I have been quiet for a month or so and I apologize for that. I do have a legitimate excuse. I have adopted two young dogs within the last month and they are running me ragged, but in a good way.
Mosey is a 14-month old Great Dane who was available through an ad on Craig’s List. It was my first Craig’s List experience and to tell the truth, I half expected it to be the kind of experience that gets made into a cautionary TV movie, or even worse, an America’s Most Wanted special. Naturally, I took my husband Gruff with me. It all turned out beautifully and now I have an adolescent, 100-pound Great Dane pup.
If you’ve ever raised a puppy, you know how relentless they are in exploring. Now, imagine that same mischievous pup being tall enough to rest her chin on the kitchen counter, stand up and nose the upper cabinets open, and grab the dirty dishes out of the sink and take them off to lick them, preferably while reclining on something upholstered. How many times a day do I ask myself, “What was I thinking?”

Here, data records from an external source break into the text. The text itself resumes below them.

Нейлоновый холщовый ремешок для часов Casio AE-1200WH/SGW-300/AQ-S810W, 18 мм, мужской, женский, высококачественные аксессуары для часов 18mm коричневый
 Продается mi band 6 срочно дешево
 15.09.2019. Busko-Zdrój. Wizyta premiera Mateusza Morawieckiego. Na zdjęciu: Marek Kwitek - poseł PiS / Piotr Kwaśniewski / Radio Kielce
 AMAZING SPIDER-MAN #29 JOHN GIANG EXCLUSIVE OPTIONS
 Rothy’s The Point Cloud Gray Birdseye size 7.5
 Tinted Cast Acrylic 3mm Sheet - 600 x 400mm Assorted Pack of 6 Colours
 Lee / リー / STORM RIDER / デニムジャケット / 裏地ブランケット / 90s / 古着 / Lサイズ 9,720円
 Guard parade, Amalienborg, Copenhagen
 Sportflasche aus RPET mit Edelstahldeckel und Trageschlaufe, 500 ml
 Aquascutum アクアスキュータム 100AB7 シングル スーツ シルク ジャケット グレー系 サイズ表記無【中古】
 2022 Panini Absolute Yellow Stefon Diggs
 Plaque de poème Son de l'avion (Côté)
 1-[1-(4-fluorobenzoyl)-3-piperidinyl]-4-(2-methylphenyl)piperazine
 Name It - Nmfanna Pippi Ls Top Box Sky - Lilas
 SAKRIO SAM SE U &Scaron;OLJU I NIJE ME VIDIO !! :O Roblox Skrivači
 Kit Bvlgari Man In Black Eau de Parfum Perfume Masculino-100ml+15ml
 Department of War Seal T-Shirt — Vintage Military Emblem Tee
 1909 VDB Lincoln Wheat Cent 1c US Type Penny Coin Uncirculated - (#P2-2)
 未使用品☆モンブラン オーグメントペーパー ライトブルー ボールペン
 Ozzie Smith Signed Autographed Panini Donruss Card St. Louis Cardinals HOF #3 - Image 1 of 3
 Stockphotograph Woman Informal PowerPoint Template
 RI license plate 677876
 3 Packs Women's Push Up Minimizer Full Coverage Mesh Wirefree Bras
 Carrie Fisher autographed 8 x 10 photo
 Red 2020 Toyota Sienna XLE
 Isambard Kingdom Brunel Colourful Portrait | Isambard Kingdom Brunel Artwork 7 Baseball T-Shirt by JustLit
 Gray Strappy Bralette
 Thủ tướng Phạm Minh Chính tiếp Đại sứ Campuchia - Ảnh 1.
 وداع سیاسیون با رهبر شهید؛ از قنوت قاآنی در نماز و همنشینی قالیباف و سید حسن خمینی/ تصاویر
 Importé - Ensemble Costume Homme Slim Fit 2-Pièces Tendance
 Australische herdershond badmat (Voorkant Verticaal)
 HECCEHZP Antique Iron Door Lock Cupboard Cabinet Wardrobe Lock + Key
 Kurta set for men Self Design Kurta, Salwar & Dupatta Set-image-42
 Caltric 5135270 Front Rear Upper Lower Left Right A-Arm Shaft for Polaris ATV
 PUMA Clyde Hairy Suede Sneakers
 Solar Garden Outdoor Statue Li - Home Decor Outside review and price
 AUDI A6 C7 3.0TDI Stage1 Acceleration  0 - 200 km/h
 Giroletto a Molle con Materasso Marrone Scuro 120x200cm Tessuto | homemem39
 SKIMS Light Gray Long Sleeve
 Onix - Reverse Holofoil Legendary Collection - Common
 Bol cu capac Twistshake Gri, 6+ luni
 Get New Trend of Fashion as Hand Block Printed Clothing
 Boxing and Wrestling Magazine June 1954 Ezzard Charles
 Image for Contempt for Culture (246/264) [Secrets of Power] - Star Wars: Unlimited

The second pup is a seven-month old Belgian Malinois, a super intelligent and high energy breed that is favored by the military, police departments, and border patrol. A movie is coming out this summer, entitled Max, about a Malinois. I really hope this movie shows how much training and work is necessary to make these dogs into happy, productive dogs because you don’t want an intelligent dog bored and frustrated in your house. That doesn’t end well for anyone.
It would break my heart if this breed suffers from the “101 Dalmatians” syndrome. That’s an actual thing, where everyone enjoys a movie featuring a breed of dog and rushes out to get one, not understanding its exercise or training needs. One year later, the shelters are overrun with those dogs. If you marry the wrong person, you divorce them. If you get the wrong dog for your lifestyle and can’t make the effort to make it work, they end up in rescue, shelters, or worse. Don’t go through doggie divorce. Save yourself the guilt and pain.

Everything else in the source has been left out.